#### Work instruction:
In the data below, one line contains "Abstract Block Blue Shirt" and a later one contains "Madame Coco Carol". Print both, with every line between them, exactly and alone.

#### Entries supplied:
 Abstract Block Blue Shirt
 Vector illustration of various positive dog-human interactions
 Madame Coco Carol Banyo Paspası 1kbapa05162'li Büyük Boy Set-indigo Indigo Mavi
...
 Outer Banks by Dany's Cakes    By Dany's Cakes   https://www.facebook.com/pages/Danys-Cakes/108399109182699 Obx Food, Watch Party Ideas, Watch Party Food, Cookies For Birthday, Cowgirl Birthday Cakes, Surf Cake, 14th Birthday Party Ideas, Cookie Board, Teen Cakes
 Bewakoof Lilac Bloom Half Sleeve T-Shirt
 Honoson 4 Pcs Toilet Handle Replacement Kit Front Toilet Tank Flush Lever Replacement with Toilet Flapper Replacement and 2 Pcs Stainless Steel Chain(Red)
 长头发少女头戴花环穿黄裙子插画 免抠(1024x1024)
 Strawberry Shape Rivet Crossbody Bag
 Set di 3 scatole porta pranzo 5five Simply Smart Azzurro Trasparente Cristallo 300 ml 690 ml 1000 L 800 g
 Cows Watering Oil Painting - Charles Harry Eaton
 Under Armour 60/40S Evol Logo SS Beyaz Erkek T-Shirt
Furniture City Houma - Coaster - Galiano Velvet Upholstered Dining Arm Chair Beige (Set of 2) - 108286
==
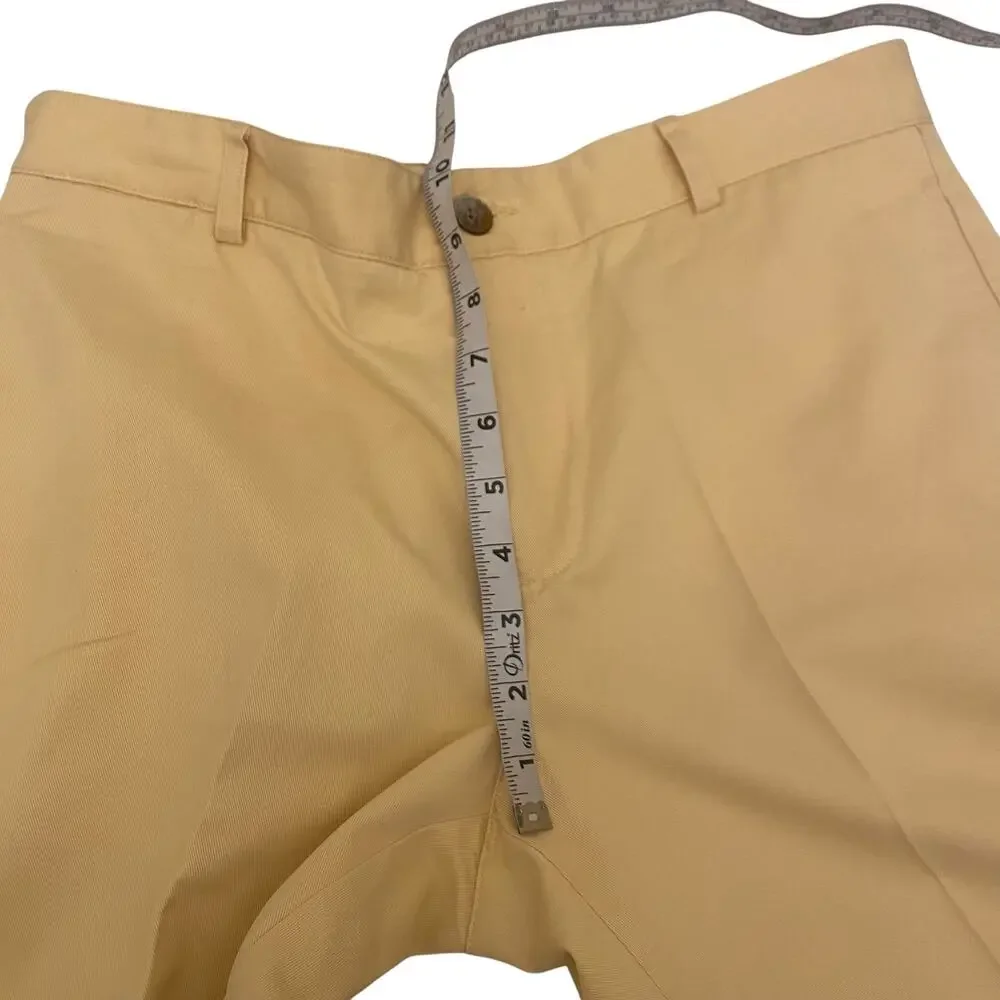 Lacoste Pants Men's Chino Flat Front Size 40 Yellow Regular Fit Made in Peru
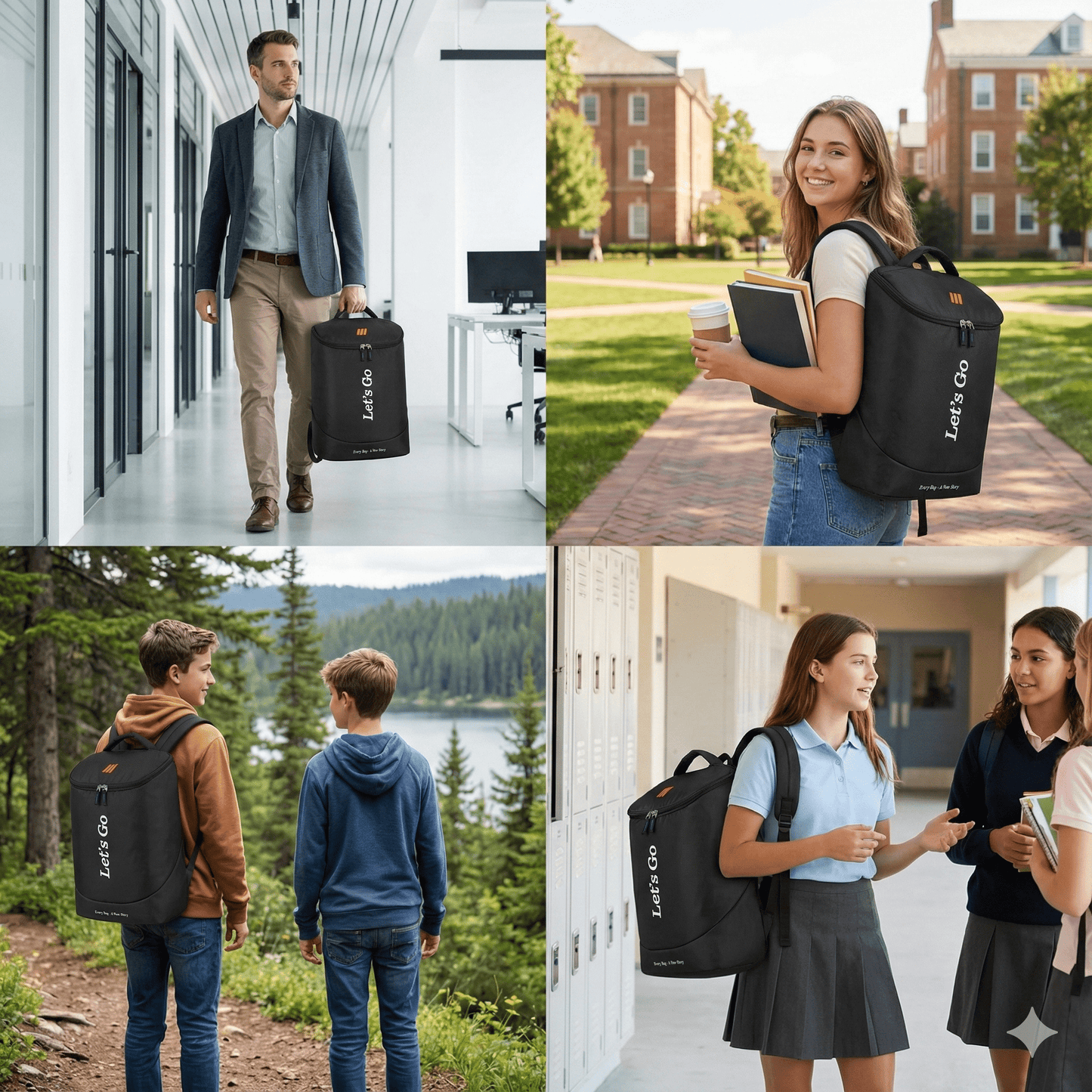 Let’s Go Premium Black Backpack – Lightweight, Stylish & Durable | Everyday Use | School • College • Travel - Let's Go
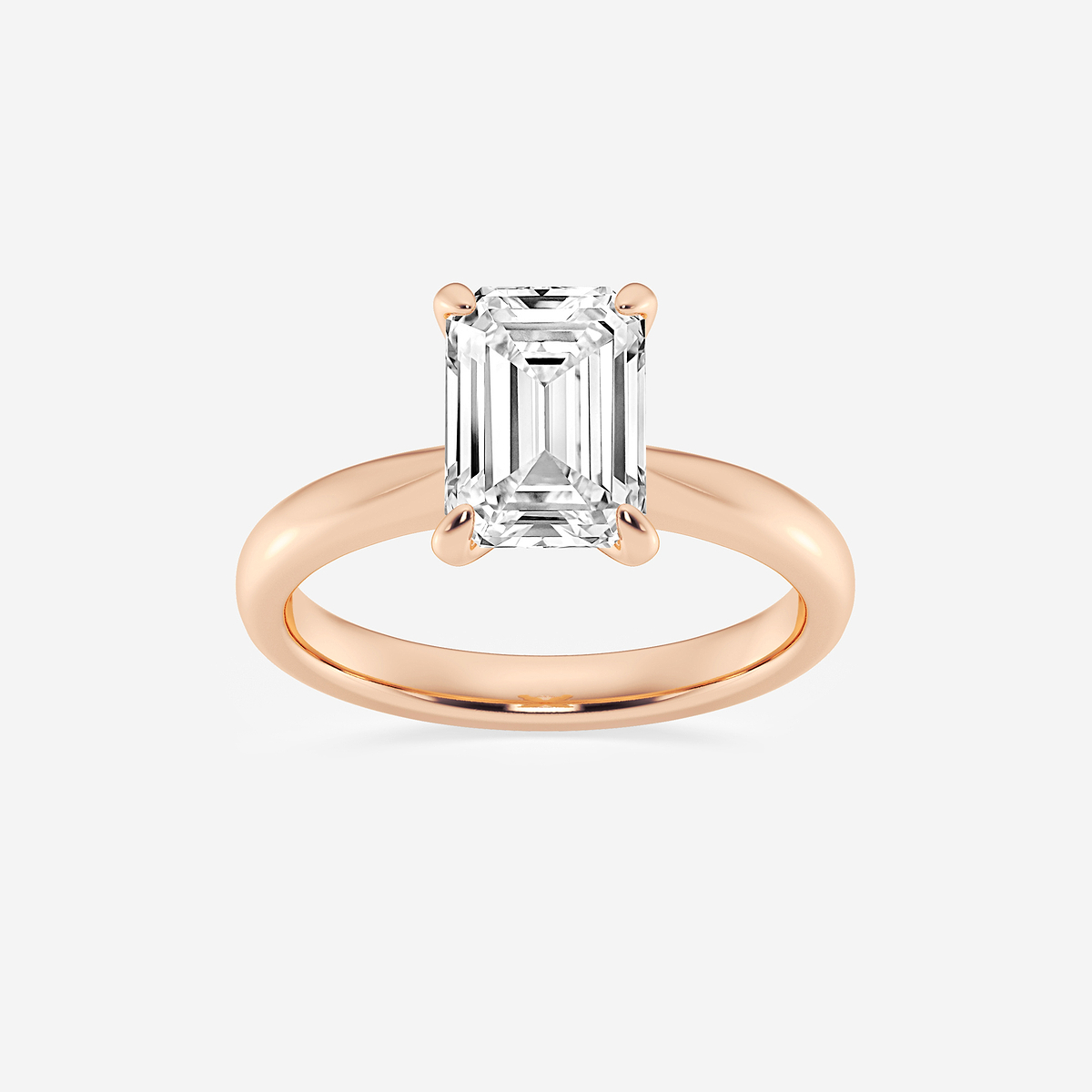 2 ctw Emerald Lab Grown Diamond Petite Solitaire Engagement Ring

#### Written answer:
 Abstract Block Blue Shirt
 Vector illustration of various positive dog-human interactions
 Madame Coco Carol Banyo Paspası 1kbapa05162'li Büyük Boy Set-indigo Indigo Mavi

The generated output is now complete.